*** Dataset content ***
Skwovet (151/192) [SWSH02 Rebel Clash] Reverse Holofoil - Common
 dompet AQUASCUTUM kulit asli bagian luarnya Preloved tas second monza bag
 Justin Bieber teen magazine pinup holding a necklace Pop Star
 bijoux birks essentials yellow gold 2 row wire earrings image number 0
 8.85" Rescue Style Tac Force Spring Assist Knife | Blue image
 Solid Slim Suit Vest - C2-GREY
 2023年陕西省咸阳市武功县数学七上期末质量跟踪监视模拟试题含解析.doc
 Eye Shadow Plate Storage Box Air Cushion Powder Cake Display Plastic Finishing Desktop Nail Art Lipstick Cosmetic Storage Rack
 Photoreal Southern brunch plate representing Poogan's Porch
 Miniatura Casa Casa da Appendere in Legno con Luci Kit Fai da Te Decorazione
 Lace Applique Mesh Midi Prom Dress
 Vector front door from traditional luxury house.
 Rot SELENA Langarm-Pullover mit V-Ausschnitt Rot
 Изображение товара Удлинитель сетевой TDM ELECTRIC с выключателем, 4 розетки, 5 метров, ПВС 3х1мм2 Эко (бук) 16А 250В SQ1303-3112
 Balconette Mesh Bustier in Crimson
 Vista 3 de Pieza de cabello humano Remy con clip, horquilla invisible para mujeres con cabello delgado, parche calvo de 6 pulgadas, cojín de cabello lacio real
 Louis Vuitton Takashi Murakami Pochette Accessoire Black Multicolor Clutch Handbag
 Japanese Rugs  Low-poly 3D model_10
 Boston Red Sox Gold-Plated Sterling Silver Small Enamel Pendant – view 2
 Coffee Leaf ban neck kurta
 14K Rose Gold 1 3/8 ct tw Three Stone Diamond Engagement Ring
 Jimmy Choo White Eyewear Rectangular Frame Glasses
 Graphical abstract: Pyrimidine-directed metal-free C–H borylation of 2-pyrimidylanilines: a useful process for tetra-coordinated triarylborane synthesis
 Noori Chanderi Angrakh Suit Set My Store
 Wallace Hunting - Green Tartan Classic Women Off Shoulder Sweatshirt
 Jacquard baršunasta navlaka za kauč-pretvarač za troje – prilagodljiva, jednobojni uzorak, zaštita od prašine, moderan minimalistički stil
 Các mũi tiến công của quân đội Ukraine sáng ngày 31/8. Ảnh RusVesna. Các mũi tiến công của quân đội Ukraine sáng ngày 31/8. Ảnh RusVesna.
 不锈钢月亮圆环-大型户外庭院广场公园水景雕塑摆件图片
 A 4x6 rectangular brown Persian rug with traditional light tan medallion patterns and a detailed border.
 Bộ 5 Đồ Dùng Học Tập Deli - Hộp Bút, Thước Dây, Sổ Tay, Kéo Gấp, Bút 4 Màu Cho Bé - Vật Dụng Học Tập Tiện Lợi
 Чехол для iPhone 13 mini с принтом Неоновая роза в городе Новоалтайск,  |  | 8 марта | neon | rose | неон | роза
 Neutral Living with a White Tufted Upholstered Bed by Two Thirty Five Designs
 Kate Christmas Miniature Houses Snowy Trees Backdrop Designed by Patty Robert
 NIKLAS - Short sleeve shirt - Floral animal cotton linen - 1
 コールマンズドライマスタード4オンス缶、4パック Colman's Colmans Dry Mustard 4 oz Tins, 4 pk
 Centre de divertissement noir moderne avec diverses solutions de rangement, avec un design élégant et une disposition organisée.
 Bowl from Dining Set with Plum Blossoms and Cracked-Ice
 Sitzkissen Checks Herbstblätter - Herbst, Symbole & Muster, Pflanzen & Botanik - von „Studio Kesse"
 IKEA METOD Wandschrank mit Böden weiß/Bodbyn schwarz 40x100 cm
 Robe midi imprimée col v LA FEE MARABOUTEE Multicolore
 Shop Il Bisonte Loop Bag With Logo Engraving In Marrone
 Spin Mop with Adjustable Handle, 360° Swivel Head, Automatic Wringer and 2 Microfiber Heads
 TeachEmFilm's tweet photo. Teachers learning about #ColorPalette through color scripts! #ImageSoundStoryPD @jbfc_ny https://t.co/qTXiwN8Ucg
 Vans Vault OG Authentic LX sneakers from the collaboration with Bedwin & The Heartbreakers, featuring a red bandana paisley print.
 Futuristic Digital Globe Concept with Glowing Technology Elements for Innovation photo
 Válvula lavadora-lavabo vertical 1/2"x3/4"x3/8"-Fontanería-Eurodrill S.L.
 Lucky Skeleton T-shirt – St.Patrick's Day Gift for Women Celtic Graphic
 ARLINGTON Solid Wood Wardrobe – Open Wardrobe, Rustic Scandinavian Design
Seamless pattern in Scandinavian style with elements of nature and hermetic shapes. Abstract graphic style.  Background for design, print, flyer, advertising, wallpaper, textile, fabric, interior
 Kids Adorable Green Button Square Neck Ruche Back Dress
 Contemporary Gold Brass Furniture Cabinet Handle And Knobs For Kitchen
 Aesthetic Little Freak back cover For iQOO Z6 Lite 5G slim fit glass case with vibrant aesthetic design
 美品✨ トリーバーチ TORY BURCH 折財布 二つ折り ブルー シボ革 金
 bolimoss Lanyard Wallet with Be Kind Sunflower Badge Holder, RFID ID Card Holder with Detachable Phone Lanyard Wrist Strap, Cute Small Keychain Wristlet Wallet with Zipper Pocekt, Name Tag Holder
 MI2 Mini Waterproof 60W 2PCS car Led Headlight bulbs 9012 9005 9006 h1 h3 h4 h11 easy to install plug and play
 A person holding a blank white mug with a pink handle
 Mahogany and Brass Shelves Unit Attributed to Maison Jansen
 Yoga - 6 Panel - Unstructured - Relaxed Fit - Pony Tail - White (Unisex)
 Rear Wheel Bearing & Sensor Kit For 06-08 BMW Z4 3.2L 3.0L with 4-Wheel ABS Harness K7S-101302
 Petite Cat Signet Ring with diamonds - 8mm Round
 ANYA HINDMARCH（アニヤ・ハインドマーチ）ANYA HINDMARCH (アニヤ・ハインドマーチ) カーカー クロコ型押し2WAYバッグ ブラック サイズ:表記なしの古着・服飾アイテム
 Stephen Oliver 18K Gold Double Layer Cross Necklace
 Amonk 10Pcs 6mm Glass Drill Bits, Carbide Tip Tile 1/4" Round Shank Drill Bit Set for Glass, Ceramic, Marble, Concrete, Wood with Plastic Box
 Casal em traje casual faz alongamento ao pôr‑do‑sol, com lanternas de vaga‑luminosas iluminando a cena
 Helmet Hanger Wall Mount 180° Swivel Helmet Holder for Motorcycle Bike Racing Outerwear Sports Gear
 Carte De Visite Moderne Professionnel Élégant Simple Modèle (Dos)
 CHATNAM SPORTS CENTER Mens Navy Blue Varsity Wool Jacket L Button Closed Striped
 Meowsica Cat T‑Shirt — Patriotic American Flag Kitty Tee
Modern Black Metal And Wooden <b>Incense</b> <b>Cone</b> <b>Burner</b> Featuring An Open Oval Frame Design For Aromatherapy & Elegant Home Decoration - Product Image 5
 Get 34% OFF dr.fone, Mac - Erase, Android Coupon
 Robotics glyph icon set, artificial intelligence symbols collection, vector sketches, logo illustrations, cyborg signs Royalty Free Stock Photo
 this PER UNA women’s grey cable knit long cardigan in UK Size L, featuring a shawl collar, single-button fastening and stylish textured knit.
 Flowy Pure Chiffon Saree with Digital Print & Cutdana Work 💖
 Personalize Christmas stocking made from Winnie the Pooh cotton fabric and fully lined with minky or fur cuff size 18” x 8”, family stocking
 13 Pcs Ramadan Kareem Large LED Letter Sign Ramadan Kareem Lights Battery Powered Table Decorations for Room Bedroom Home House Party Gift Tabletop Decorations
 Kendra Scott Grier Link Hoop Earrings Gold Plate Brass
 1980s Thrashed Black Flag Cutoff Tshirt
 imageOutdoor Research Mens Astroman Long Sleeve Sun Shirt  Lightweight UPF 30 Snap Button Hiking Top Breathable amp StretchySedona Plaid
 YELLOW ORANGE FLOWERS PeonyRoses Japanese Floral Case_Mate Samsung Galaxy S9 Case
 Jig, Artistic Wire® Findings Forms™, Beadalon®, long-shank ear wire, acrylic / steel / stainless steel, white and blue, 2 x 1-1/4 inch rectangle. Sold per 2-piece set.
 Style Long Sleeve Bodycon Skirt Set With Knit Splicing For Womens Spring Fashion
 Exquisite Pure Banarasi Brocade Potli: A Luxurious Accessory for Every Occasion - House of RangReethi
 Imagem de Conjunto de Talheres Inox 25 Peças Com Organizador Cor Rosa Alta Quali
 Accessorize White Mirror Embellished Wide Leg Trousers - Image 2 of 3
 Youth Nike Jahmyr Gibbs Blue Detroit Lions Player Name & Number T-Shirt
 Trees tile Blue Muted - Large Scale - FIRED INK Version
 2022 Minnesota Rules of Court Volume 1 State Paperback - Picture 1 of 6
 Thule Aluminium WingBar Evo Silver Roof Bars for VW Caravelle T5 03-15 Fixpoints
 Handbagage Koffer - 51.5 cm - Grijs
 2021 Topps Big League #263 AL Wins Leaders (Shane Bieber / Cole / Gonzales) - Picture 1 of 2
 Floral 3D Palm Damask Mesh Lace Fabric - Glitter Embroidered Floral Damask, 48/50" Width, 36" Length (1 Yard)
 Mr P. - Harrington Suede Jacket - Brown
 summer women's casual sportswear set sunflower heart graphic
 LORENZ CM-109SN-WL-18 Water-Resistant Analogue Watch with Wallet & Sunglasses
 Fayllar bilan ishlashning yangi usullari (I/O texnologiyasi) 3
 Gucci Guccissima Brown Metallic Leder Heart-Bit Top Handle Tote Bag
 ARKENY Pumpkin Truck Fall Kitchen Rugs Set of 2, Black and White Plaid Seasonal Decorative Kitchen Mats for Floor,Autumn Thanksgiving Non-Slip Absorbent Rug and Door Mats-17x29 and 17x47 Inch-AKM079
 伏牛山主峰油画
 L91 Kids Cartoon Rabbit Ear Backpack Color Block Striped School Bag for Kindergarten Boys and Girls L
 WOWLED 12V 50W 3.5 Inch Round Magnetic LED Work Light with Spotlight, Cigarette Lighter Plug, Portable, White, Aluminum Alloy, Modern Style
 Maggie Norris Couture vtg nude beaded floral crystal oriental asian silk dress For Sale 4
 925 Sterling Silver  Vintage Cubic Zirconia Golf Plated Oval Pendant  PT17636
*** End of Dataset content ***
How to complete this task: Would you retype exactly the lines above, from the line with "Knife | Blue image" to the line with "Jacquard baršunasta navlaka", with both end lines kept and nothing more?

Exercise answer:
 8.85" Rescue Style Tac Force Spring Assist Knife | Blue image
 Solid Slim Suit Vest - C2-GREY
 2023年陕西省咸阳市武功县数学七上期末质量跟踪监视模拟试题含解析.doc
 Eye Shadow Plate Storage Box Air Cushion Powder Cake Display Plastic Finishing Desktop Nail Art Lipstick Cosmetic Storage Rack
 Photoreal Southern brunch plate representing Poogan's Porch
 Miniatura Casa Casa da Appendere in Legno con Luci Kit Fai da Te Decorazione
 Lace Applique Mesh Midi Prom Dress
 Vector front door from traditional luxury house.
 Rot SELENA Langarm-Pullover mit V-Ausschnitt Rot
 Изображение товара Удлинитель сетевой TDM ELECTRIC с выключателем, 4 розетки, 5 метров, ПВС 3х1мм2 Эко (бук) 16А 250В SQ1303-3112
 Balconette Mesh Bustier in Crimson
 Vista 3 de Pieza de cabello humano Remy con clip, horquilla invisible para mujeres con cabello delgado, parche calvo de 6 pulgadas, cojín de cabello lacio real
 Louis Vuitton Takashi Murakami Pochette Accessoire Black Multicolor Clutch Handbag
 Japanese Rugs  Low-poly 3D model_10
 Boston Red Sox Gold-Plated Sterling Silver Small Enamel Pendant – view 2
 Coffee Leaf ban neck kurta
 14K Rose Gold 1 3/8 ct tw Three Stone Diamond Engagement Ring
 Jimmy Choo White Eyewear Rectangular Frame Glasses
 Graphical abstract: Pyrimidine-directed metal-free C–H borylation of 2-pyrimidylanilines: a useful process for tetra-coordinated triarylborane synthesis
 Noori Chanderi Angrakh Suit Set My Store
 Wallace Hunting - Green Tartan Classic Women Off Shoulder Sweatshirt
 Jacquard baršunasta navlaka za kauč-pretvarač za troje – prilagodljiva, jednobojni uzorak, zaštita od prašine, moderan minimalistički stil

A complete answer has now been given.